** What to do **
Only some lines are wanted. Transcribe, exactly, the lines below from the line with "10 Yard Roll" up to and including the line with "anime girl with".

** Recorded information **
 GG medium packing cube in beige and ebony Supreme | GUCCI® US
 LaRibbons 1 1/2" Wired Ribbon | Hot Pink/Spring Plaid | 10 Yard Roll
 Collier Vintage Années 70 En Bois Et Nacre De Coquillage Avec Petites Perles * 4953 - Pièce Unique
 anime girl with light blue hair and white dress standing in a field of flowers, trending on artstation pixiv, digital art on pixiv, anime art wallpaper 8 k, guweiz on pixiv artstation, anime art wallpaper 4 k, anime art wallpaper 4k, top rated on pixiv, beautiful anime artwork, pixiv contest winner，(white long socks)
==
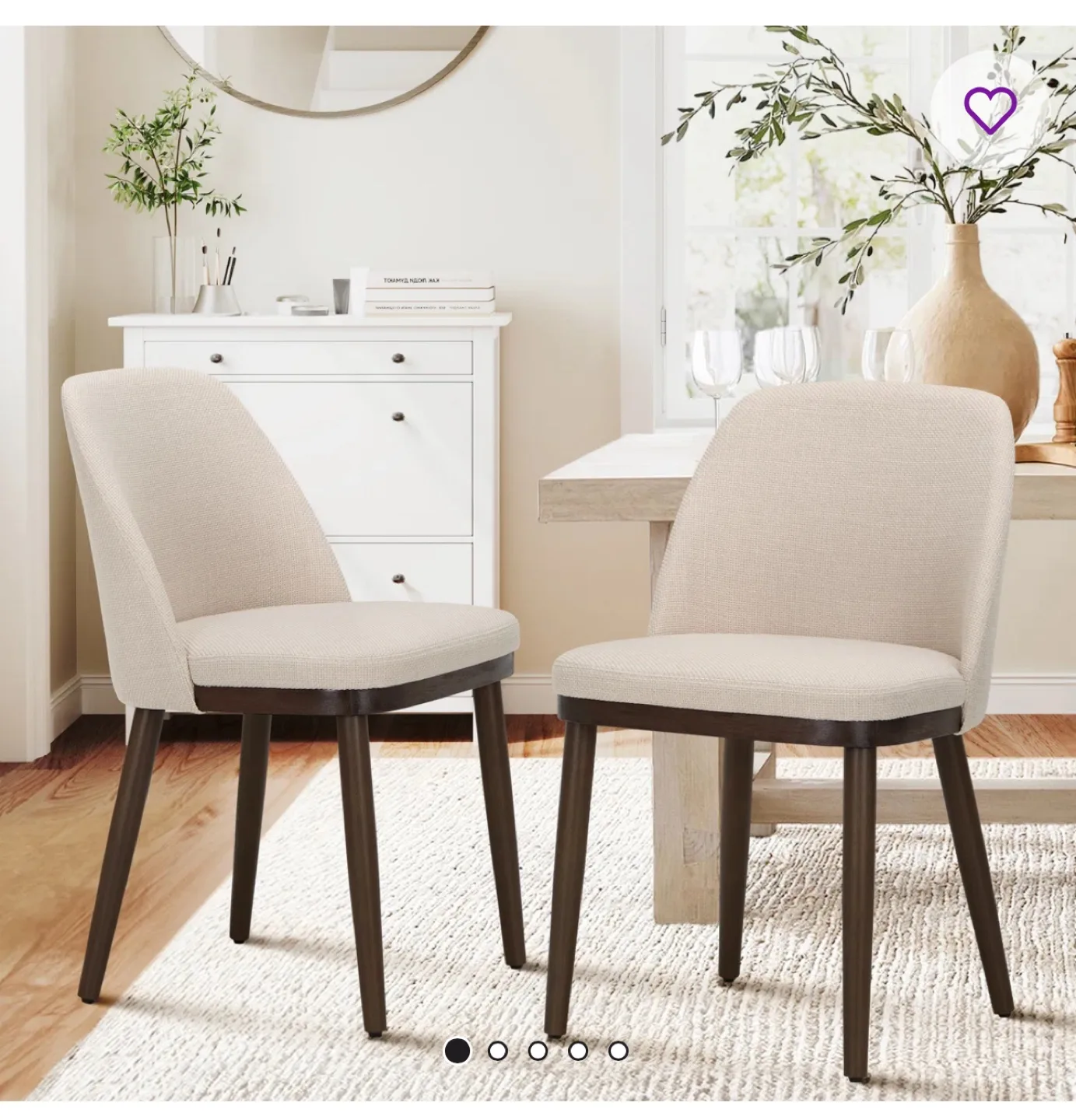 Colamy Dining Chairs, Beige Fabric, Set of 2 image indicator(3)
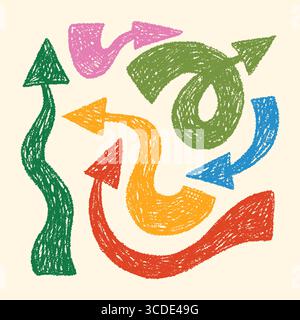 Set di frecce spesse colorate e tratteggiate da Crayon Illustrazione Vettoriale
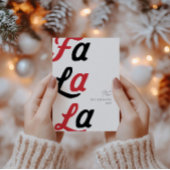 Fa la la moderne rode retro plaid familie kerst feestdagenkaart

** Your solution **
 LaRibbons 1 1/2" Wired Ribbon | Hot Pink/Spring Plaid | 10 Yard Roll
 Collier Vintage Années 70 En Bois Et Nacre De Coquillage Avec Petites Perles * 4953 - Pièce Unique
 anime girl with light blue hair and white dress standing in a field of flowers, trending on artstation pixiv, digital art on pixiv, anime art wallpaper 8 k, guweiz on pixiv artstation, anime art wallpaper 4 k, anime art wallpaper 4k, top rated on pixiv, beautiful anime artwork, pixiv contest winner，(white long socks)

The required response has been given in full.